Abstract

Haemolytic disease of the foetus and newborn (HDFN) is caused by transplacental passage of maternal IgG antibodies directed against an antigen of paternal origin present on the foetal red blood cells. IgG antibodies coat foetal antigens and cause decreased red blood cell survival leading to fetal anaemia. The antibodies causing severe forms of HDFN are anti-D, anti-c and anti-K1. However, more than 50 different red-cell antigens have been reported to be associated with HDFN and no prophylactic immune globulins are available to prevent the formation of these antibodies1. Anti-RhD was once the major aetiology of HDFN, but with routine antenatal administration of anti-D to all vulnerable women, maternal allo-immunisation to other red cell antigens as a cause of HDFN is becoming a greater concern.
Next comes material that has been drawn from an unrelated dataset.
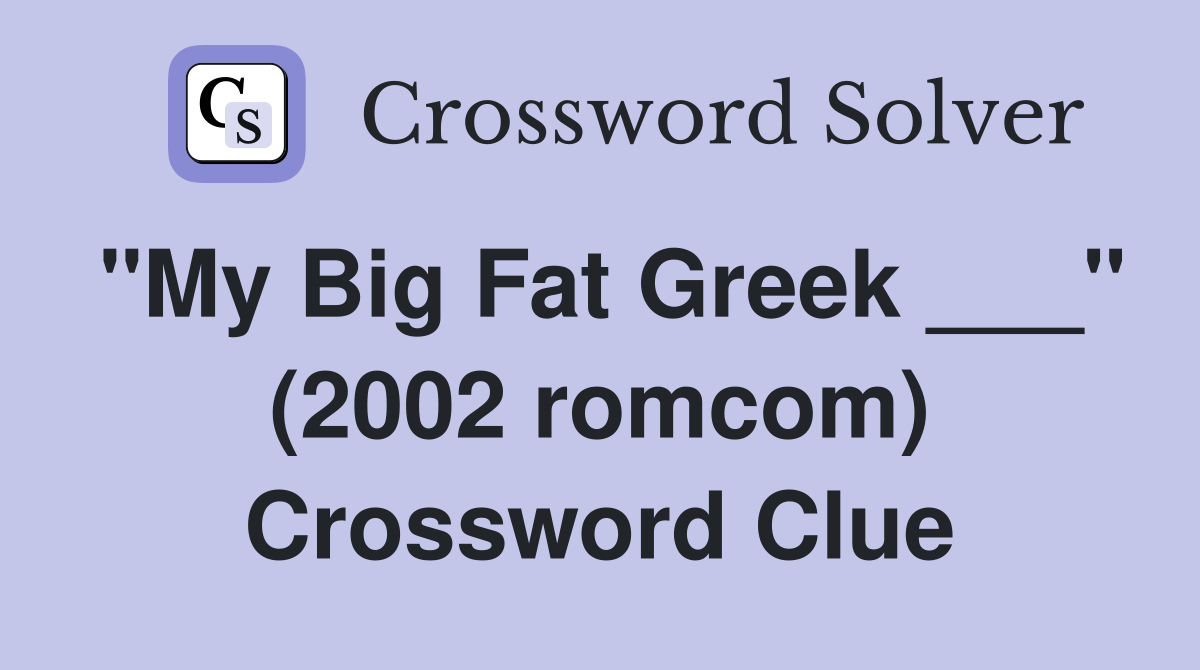 "My Big Fat Greek ___" (2002 romcom) Crossword Clue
Anti-M is typically a naturally occurring immunoglobulin M (IgM) antibody, optimally reactive at 4 °C and considered clinically insignificant. This saline agglutinin was first identified by Wolff and Johnsson in 19332. Anti-M rarely causes agglutination of red cells at 37 °C or in the antiglobulin phase of testing. Rarely, the alloanti-M can be of IgG type or a combination of both IgG and IgM. These have a potential to cause haemolytic transfusion reactions and HDFN but have been very rarely implicated as the cause of severe HDFN requiring intrauterine transfusion (IUT). The MN determinants are carried on the transmembrane protein glycophorin A, are fully developed on foetal red cells, and can be detected as early as 9 weeks’ gestation3. This case report describes a woman with a history of six intrauterine deaths, all between 11 to 32 weeks of gestation. Her seventh affected pregnancy was salvaged by intrauterine administration of packed red blood cell transfusions at 29 weeks of gestation, after she was found to be allo-immunised against M antigen.